Yeah Baby at Brooklyn Bowl
The evening kicked off with an opening set from The Walkmen’s fellow New Yorkers Yeah Baby, a very young and very shoegazy quartet. Heavy on vibes, Joy Division influence and Jesus and Mary Chain sonics, Yeah Baby had all the aesthetics of a band that would’ve hit its peak about a decade-and-a-half before frontwoman Hanna White and her colleagues were likely even born.
The venue had filled out a bit by the time Leithauser & Co. took the stage around 9:15 — it may not have been a sellout, but the place certainly looked like it was close to full capacity. It was off to the races from the downbeat of “What’s in It for Me” from 2004’s Bows + Arrows: guitarist Paul Maroon’s raw, deafening tone; multi-instrumentalists Walter Martin and Peter Bauer swapping off between bass, keys and percussion; Leithauser grinning his way through it as hundreds of voices joined him on tunes like “In the New Year” and “Wake Up”; the whole band looking vaguely like an assemblage of rumpled professors from some Northeastern liberal arts college.

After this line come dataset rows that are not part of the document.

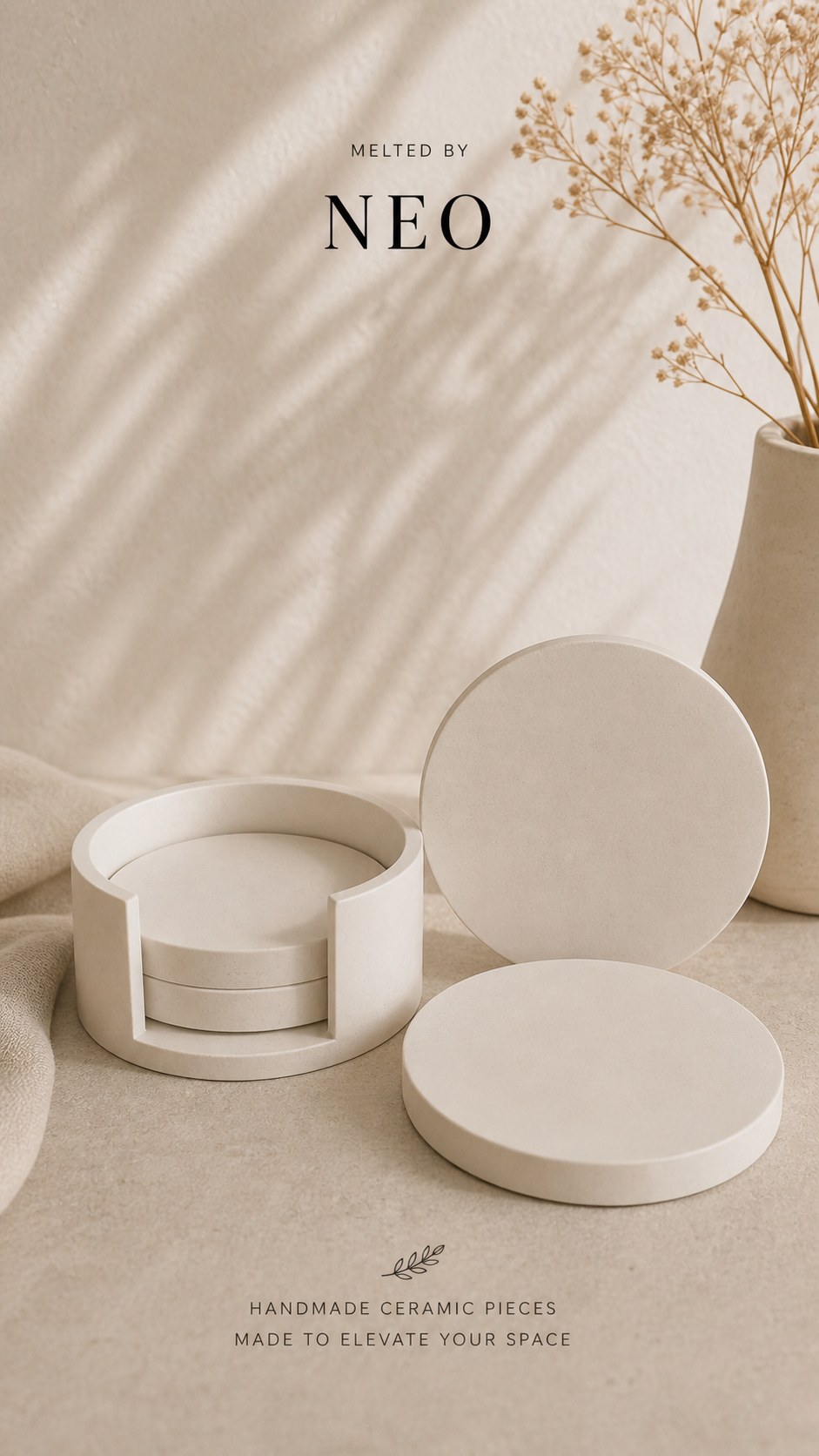 Ceramic coaster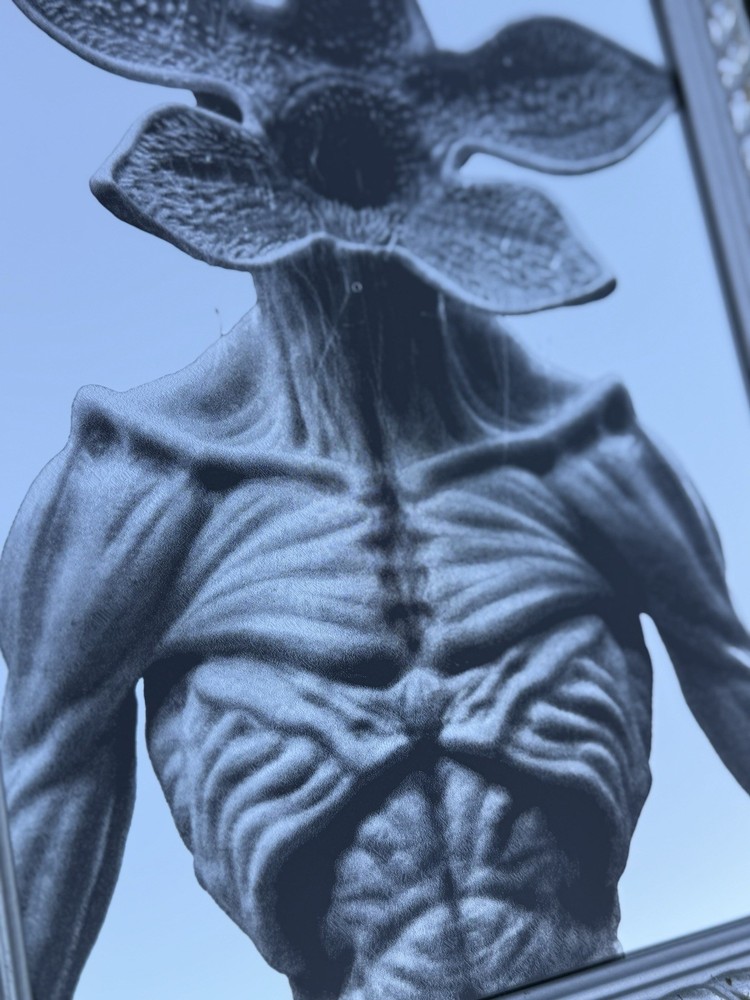 Stranger Things DemoGorgon Laser Engraved Mirror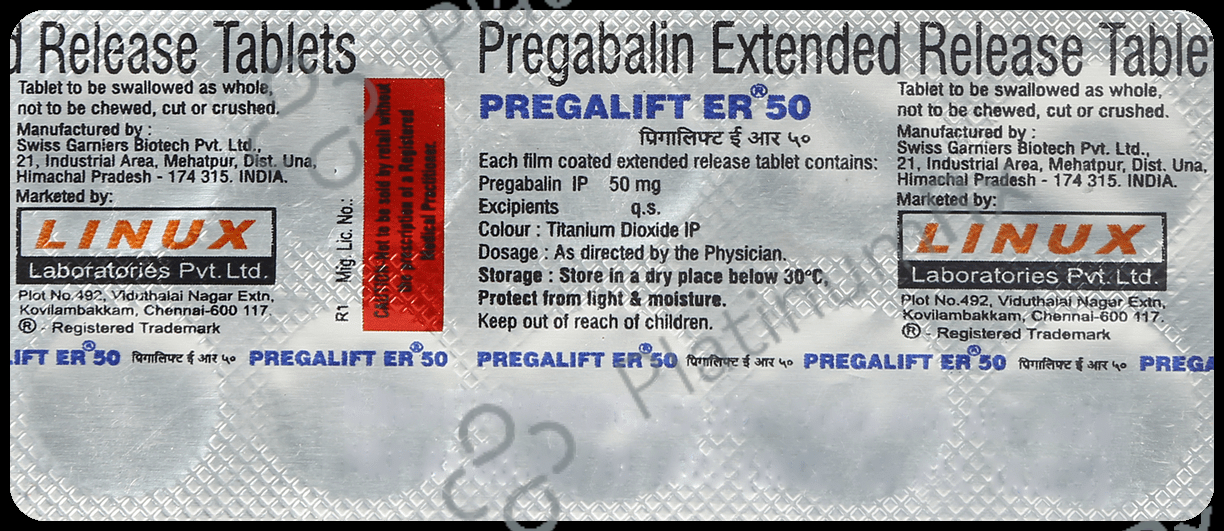 Pregalift 50mg Tablet ER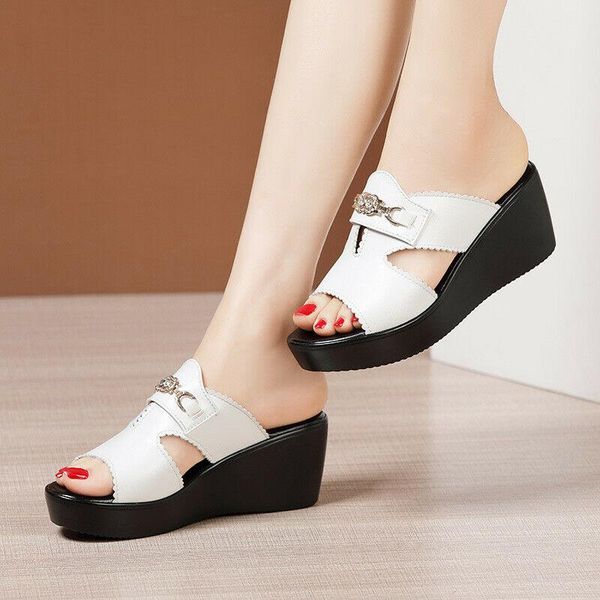 dress shoes women's wedge sandals platform backless peep toe slip on high heel mules slides, Black
dress shoes women's wedge sandals platform backless peep toe slip on high heel mules slides, Black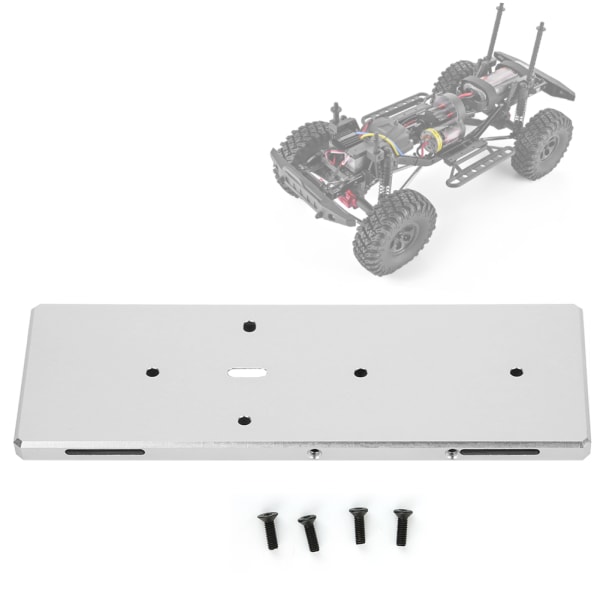 RC-batterikasse med skruveudskiftningstilbehør Passer til RGT EX86100 1/10 RC-bil Sølv 680022S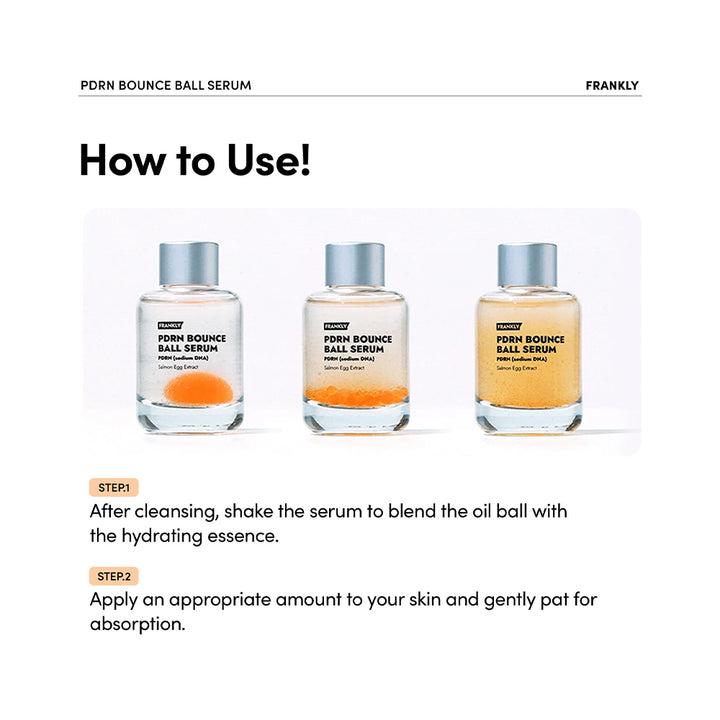 FRANKLY PDRN Bounce Ball Serum - Peaches&Creme Shop Korean Skincare Malta
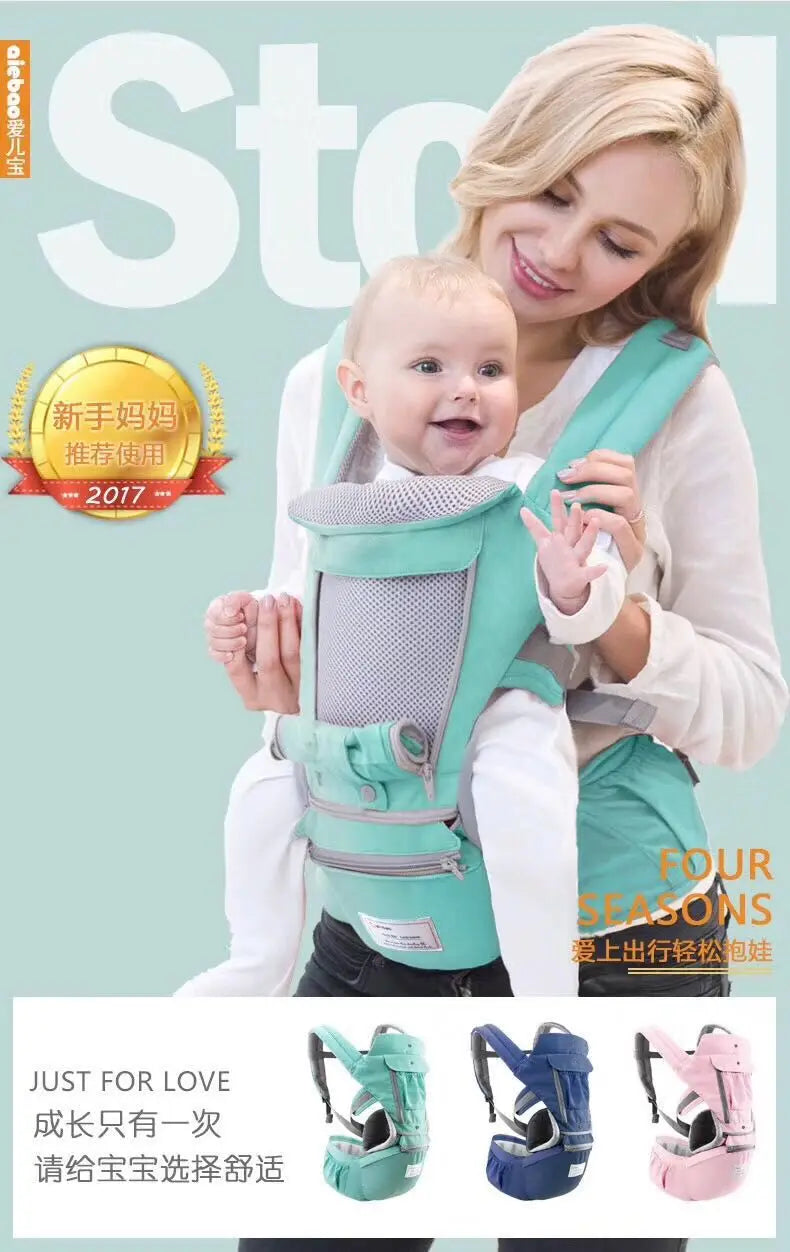 Babytrage 2025: Baby Hipseat Kangaroo Rucksack Mochila Breathable Ergonomic - Baby Carrier Hip Seat Baby Sling Wrap Collection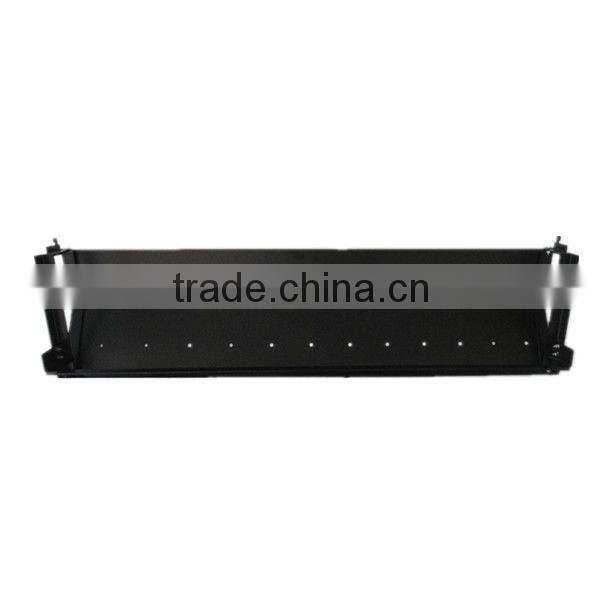 galvanized post bracket fence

The Walkmen at Brooklyn Bowl
Leithauser was talkative throughout the set, informing us that 2008’s You & Me is his favorite Walkmen record and that years of loud rock shows have given him a condition known as “machine gunner’s ear.” Between picking up his old, beat-up Telecaster to strum on every third or fourth song, he also asked who at Brooklyn Bowl had been present for the band’s very first show in Nashville, on some “street corner” as he recalled it. (Best guess? He was referring to a 2002 performance at East Nashville’s Slow Bar, which has since become 3 Crow Bar, and will soon become a cannabis bar.) Other set highlights included the optimistic, forward-looking “Juveniles” — a good bookend to the harsh, acerbic “The Rat” — and a main-set-closing “Heaven.” Leithauser noted that the latter, from 2012’s album of the same name, was the last song the band has written together to date.
After a brief departure from the stage, The Walkmen returned for an encore featuring “Thinking of a Dream I Had,” “We’ve Been Had” (the first song the band ever wrote together, we were told) and Leithauser contending with a seemingly broken mic stand. Earlier in the night, the singer said that when the band was first deciding to reunite and return to the road, he wasn’t sure anyone would remember “who the fuck The Walkmen were.”
Turns out plenty of us remember. And lucky for us, Brooklyn’s finest haven’t lost a step.